Dynamic Analysis of Pharmacokinetics of Orally Administered Drugs Using Positron Emission Tomography

Abstract

  Positron emission tomography (PET) is a powerful and noninvasive technology for molecular imaging in living systems. Its high sensitivity and high spatial-temporal resolution make this technology particularly useful to analyze the disposition of drugs in the body. PET technology could be applied to analyze the process of distribution of orally administered drugs on the basis of time-profiles of radioactivity in vivo.

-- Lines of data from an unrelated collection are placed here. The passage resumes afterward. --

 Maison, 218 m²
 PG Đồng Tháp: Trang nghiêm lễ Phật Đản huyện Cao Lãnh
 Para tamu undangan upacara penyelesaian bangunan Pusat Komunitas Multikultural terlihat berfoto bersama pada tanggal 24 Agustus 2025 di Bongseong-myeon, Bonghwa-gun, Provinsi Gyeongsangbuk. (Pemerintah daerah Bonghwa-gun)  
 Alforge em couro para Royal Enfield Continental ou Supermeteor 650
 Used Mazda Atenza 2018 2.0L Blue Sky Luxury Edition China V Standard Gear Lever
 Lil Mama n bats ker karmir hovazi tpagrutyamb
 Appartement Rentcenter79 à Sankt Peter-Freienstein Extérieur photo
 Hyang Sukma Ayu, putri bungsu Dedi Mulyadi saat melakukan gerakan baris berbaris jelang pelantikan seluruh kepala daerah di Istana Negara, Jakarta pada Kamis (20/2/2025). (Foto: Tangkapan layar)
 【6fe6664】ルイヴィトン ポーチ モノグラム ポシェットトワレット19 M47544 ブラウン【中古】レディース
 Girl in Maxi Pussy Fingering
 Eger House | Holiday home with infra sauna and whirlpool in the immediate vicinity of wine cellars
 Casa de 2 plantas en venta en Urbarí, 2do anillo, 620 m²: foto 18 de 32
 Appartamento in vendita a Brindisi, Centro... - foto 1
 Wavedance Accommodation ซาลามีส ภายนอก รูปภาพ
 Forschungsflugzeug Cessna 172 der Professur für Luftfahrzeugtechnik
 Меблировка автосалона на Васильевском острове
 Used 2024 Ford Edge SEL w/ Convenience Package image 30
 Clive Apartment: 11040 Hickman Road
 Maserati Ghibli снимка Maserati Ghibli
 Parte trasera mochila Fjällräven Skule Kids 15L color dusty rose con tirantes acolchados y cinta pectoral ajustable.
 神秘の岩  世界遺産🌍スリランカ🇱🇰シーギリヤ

Kinetic analysis of radioactivity derived from ¹⁸F-labeled 2-fluoro-2-deoxy-D-glucose administered orally to rats under several conditions indicated that not only gastric emptying and intestinal transit but also the rate constant of intestinal absorption and limited process of oral absorption could be evaluated quantitatively. After oral administration of ¹¹C-labeled telmisartan with or without non-radiolabeled telmisartan, systemic bioavailability and hepatic distribution of radioactivity significantly increased non-linearly with dose. In the intestinal lumen, telmisartan and its glucuronide, converted by UDP-glucuronosyl transferase (UGT), were detected and the ratio of telmisartan decreased at a high dose of telmisartan. In vitro permeation study revealed that telmisartan is a substrate of P-glycoprotein (P-gp). It was reported that hepatic uptake of telmisartan is mediated by organic anion transporting polypeptide 1B3 (OATP1B3) and most of the hepatic radioactivity in the liver is derived from telmisartan. These results indicated that P-gp for intestinal absorption, OATP1B3 for hepatic uptake and UGT for glucuronidation could be considered as limiting steps of orally administered telmisartan. Therefore, PET study is highly anticipated to be a potent tool for better understanding of gastrointestinal absorption and the subsequent tissue distribution of various drugs and candidates.